§ **The data**:
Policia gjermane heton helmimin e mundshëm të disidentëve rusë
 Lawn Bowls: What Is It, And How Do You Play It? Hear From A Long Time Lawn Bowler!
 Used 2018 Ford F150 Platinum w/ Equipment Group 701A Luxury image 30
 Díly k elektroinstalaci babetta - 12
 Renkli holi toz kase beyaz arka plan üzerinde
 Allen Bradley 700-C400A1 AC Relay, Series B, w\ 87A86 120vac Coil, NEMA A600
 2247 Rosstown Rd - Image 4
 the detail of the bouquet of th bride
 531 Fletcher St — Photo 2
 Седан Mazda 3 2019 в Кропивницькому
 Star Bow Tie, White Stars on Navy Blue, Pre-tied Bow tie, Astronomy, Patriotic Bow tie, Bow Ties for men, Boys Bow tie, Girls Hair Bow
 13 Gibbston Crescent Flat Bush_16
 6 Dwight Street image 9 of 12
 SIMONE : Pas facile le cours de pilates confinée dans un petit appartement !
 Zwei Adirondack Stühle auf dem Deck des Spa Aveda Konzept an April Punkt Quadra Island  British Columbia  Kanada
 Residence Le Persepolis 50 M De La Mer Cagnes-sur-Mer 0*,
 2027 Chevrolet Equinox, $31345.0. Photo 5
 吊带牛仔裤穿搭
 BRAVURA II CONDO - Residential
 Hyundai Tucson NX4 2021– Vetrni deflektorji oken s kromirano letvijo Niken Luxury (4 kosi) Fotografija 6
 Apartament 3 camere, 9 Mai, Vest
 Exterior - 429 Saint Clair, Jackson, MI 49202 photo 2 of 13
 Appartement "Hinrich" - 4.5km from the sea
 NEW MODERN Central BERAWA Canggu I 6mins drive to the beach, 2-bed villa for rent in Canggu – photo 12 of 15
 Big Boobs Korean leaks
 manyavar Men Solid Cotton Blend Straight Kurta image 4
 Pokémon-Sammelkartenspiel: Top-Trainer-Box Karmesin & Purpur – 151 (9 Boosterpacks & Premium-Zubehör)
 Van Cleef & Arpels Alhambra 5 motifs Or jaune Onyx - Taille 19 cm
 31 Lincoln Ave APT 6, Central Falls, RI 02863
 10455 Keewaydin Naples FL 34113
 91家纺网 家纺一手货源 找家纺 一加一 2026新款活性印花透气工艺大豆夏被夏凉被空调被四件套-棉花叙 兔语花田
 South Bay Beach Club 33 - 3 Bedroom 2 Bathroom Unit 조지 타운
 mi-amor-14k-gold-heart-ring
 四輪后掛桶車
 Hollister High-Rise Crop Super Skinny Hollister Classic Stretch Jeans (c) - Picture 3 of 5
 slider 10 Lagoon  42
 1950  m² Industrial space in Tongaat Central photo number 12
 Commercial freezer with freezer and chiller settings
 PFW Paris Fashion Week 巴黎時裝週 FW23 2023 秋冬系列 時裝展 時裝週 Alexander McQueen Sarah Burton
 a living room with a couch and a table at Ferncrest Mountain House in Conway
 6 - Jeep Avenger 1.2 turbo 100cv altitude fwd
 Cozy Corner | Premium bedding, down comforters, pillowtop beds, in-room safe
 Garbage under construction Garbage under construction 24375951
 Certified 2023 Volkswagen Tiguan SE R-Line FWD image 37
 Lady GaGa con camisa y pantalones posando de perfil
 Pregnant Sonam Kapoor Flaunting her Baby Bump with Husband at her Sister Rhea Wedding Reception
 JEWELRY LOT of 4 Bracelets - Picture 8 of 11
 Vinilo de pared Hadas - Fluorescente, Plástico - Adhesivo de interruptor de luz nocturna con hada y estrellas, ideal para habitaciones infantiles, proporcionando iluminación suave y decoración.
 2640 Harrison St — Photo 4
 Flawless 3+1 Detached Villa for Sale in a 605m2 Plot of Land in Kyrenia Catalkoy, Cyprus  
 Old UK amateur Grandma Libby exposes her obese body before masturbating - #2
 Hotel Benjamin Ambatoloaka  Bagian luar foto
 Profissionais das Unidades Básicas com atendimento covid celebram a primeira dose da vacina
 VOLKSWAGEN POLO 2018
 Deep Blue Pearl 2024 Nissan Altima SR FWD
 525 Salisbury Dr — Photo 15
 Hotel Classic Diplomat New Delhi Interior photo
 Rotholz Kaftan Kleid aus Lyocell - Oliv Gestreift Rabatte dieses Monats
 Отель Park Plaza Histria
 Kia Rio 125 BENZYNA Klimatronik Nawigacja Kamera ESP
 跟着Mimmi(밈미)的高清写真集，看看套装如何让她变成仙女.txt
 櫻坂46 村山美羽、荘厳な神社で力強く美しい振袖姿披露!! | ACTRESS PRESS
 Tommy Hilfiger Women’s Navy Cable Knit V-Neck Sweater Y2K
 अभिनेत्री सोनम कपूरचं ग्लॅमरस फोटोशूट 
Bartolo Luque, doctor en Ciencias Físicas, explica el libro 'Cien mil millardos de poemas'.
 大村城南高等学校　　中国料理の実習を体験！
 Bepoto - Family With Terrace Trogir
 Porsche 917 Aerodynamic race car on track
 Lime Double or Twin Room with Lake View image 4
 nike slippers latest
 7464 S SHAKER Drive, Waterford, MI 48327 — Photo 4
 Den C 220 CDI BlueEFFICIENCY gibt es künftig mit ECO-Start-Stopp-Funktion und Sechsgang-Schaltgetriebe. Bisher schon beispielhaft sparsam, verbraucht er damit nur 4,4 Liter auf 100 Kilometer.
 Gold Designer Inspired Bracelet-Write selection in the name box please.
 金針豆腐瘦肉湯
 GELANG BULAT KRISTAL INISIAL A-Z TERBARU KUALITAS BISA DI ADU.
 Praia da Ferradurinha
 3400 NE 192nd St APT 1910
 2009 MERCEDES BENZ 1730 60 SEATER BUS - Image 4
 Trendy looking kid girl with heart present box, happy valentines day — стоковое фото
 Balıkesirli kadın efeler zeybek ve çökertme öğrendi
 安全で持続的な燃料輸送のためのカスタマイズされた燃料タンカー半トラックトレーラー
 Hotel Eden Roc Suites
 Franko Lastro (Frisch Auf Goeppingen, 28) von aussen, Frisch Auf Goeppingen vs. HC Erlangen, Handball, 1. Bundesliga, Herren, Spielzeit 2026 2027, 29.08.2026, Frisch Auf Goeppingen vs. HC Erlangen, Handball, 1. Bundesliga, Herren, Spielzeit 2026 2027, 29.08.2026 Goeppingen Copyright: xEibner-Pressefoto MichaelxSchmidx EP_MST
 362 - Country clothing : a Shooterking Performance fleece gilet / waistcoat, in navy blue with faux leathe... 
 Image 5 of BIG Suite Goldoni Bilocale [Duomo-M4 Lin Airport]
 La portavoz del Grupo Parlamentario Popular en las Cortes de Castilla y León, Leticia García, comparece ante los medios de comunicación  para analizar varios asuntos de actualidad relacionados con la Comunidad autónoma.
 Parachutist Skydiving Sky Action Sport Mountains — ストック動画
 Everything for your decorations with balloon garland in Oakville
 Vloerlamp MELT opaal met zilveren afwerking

§ **Task objective**:
Begin with the first line of the listing and copy exactly through the line that contains "6 Dwight Street image 9 of 12", please, keeping both ends and leaving out everything after.

§ **Answer box**:
Policia gjermane heton helmimin e mundshëm të disidentëve rusë
 Lawn Bowls: What Is It, And How Do You Play It? Hear From A Long Time Lawn Bowler!
 Used 2018 Ford F150 Platinum w/ Equipment Group 701A Luxury image 30
 Díly k elektroinstalaci babetta - 12
 Renkli holi toz kase beyaz arka plan üzerinde
 Allen Bradley 700-C400A1 AC Relay, Series B, w\ 87A86 120vac Coil, NEMA A600
 2247 Rosstown Rd - Image 4
 the detail of the bouquet of th bride
 531 Fletcher St — Photo 2
 Седан Mazda 3 2019 в Кропивницькому
 Star Bow Tie, White Stars on Navy Blue, Pre-tied Bow tie, Astronomy, Patriotic Bow tie, Bow Ties for men, Boys Bow tie, Girls Hair Bow
 13 Gibbston Crescent Flat Bush_16
 6 Dwight Street image 9 of 12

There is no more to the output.